EME 210
Data Analytics for Energy Systems

Randomization Procedure for Correlation

PrintPrint

Randomization Procedure for Correlation

Read It: Randomization Procedure for Correlation

To conduct the randomization procedure for correlation, we will return to np.random.choice, which we used in Lesson 5 to conduct the hypothesis tests. The first step in the procedure is to define the hypotheses. For correlation tests, the hypotheses follow the same basic formula in which the null hypothesis assumes no correlation (i.e., ρ = 0) and the alternative hypothesis is some inequality of that (e.g., ρ > 0, ρ < 0, or ρ != 0), as indicated below.

H o :   ρ = 0

H a :   ρ > 0 , or  ρ < 0 , or  ρ 0

Once the hypotheses are defined, we can begin the randomization procedure. The main difference between this procedure and previous iterations is that we only shuffle one of the variables we are interested in. For example, say we have the following data: 

ID x y
A 1 4
B 2 5
C 3 6

In this case, we want to randomly sample either x or y without replacement (i.e., reallocate the data for only one variable). If we choose to randomly sample y, for example, the data may then look like this: 

ID x y
A 1 6
B 2 4
C 3 5

Note that all of the original y data is still there, it is simply in a new order, since we sampled without replacement. This procedure effectively breaks the pairs, so we can see if the correlation value was significantly different than 0--if the correlation is close to 0, then it won't matter if we break the pairs, but if the correlation is far from 0, it is more likely to matter and lead to a lower correlation value. Once the random sampling is completed, we recalculate the correlation coefficient with the new pairs, store that value, and repeat for a sufficiently large number of iterations (e.g., N = 1000). Below is a video demonstrating this procedure.

 Watch It: Video - Hypothesis Testing Correlation (10:25 minutes)

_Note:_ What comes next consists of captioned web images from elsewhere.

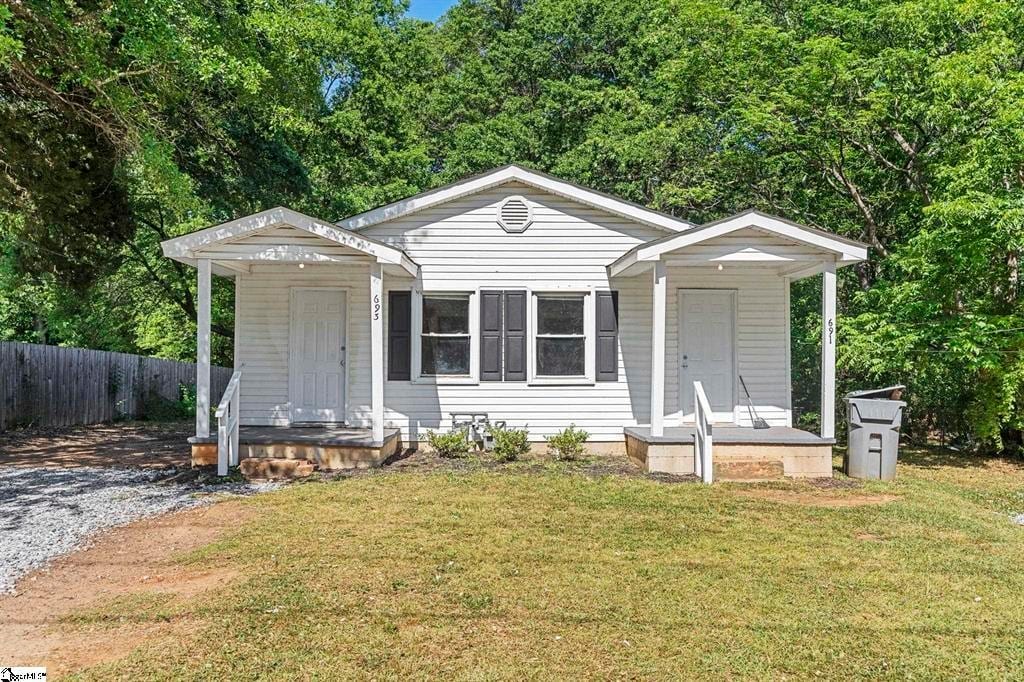 bungalow-style house with a front yard and fence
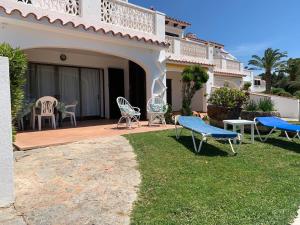 a house with a patio with chairs and a table at Villetta Son Bou in Son Bou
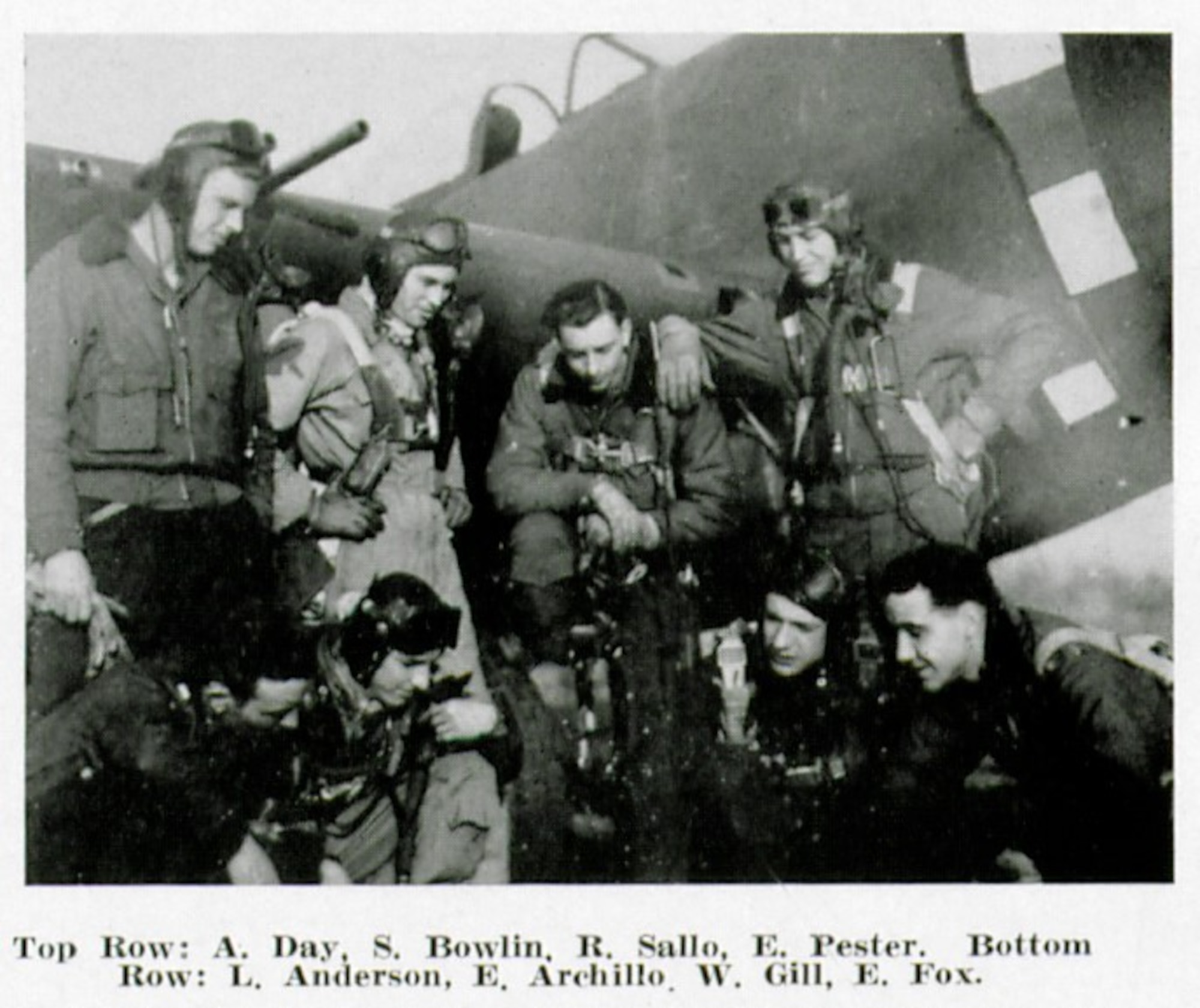 First Lieutenant William H. Gill, 405th Fighter Squadron, Distinguished Flying Cross recipient for a combat mission he flew on 17 March 1945, is shown in the bottom row, third from the left, of these pilots from the “Discharge Squadron.” One of the squadron’s P-47 Thunderbolt fighters serves as a backdrop.  (The Story of the 371st Fighter Group in the ETO)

Click here for a transcript.

Welcome back to the videos on correlation. Today we're going to continue to talk about correlation, but we're going to get into that statistical inference side. And in particular, I'm going to introduce to you how to conduct a hypothesis test for testing the significance of correlation. So, let's jump in.

So, here we are in Google Colab. I've already loaded in the data. We're still working with that Marcellus Well Shale or Marcellus well and water data that we used up here to make this conclusion. But we're going to do a bit more of a quantitative analysis and focus on hypothesis testing today. And so, the first step in any hypothesis test is to state the hypotheses. And so, our null hypothesis is rho, the Greek letter, equals zero. And it's always going to be this correlation because of the significance test for correlation is whether or not the correlation is significantly different from zero. And so we have rho equals zero. And then our alternative here is that rho is greater than zero. Now this could be less than, this could be not equal to, but for this case I'm going to go greater than zero. And so once those are stated then we need to conduct the randomization procedure. And I've outlined these steps here, so that you can have them later when thinking about the randomization procedure. But we start with data. And now in the past we've shuffled data around. We've done reallocation randomization. In this case we're going to do a reallocation of sorts, but we're only going to do it with one variable. So say we start with this data here, X and Y. What we're then going to have to do is choose one variable to shuffle. Here I'm doing Y, and we sample without replacement, so reallocating the data for that one variable, and then we're going to recalculate the correlation coefficient and repeat that n number of times. And really the goal with this reallocation is to break the pairs. So we don't want to keep them paired together, we want to break them and then recalculate the correlation. Because if the correlation is equal to zero, then it shouldn't matter how much we shuffle the data, it should always be equal to zero. And so by shuffling we can sort of get at that significance level. And so we can go ahead and get started with the code. So the first thing we need to do is define our sample correlation coefficient. And I'll call it samp_core. And this is just how we calculated the correlation before, total basewatervolume dot core with total gas.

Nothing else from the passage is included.